The bird can fly infinitely many times.
There are two trains, red and purple, moving to each other with velocities v1 and v2 respectively. The distance between them is D.
A bird is sitting on the top of a bar near red train. The bird flies with v3 velocity where v3 > v1 and v3 > v2. The bird has to fly from red to purple train and fly back from purple to red.
The question is: How many times the bird can fly in between these two moving trains until the trains reach to each other? (see the image)
(I heard that this problem is associated to Gauss, since he couldn't perfectly solve this. Is that true?)
As alexmahone says, the bird will (because we are assuming the bird can fly infinitesmal distances repeatedly) fly back and forth an infinite number of times. It is more common to ask for the total distance the bird can fly. You could, of course, find the distance by summing that infinite series. It is far simpler to argue that the two trains are closing at speed v1+ v2 and so will take time D/(v1+v2) to close the distance, D, between them. During that time, the bird, of course, flew distance Dv3/(v1+ v2).
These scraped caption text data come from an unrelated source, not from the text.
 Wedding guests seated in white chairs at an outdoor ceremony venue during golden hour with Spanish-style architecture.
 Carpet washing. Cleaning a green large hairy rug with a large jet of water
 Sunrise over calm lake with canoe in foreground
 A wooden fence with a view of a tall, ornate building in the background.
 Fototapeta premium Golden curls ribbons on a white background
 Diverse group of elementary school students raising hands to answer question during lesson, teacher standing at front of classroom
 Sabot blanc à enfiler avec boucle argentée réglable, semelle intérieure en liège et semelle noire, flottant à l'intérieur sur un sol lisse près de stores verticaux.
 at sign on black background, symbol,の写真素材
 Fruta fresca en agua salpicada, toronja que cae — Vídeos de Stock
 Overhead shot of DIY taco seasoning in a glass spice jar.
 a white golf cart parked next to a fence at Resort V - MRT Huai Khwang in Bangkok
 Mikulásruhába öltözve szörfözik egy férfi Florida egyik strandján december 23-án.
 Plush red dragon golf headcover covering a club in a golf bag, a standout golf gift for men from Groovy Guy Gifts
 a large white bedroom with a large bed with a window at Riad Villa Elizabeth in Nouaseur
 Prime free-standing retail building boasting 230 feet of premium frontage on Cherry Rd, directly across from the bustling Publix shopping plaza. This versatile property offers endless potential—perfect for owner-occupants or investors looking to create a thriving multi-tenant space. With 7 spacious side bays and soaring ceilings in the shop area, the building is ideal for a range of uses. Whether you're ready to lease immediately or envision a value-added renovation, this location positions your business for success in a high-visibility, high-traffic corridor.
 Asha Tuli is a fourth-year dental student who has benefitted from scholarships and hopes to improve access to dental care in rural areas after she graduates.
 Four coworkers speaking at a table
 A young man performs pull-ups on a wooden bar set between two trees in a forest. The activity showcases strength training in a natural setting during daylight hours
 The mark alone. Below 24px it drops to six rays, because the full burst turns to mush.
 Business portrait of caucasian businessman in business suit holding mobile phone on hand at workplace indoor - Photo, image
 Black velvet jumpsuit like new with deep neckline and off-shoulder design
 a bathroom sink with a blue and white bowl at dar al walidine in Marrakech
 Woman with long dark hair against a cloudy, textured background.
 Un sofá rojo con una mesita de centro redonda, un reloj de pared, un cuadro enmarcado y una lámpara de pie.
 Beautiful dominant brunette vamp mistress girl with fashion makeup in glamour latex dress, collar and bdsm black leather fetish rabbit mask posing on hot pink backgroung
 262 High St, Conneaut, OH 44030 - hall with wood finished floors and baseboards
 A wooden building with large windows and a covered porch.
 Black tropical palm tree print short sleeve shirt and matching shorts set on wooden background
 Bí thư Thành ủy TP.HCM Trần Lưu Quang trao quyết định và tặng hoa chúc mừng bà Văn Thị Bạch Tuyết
There is a famous story about this problem. A mathematician posed this problem to VonNeumann (or Wiener or whatever brilliant mathematician you wish). He thought for just a moment and gave the correct answer without writing anything. The mathematician chuckled and said, "you know, some people try to do that as an infinite series." VonNeumann looked puzzled and responded "but I did sum an infinite series"!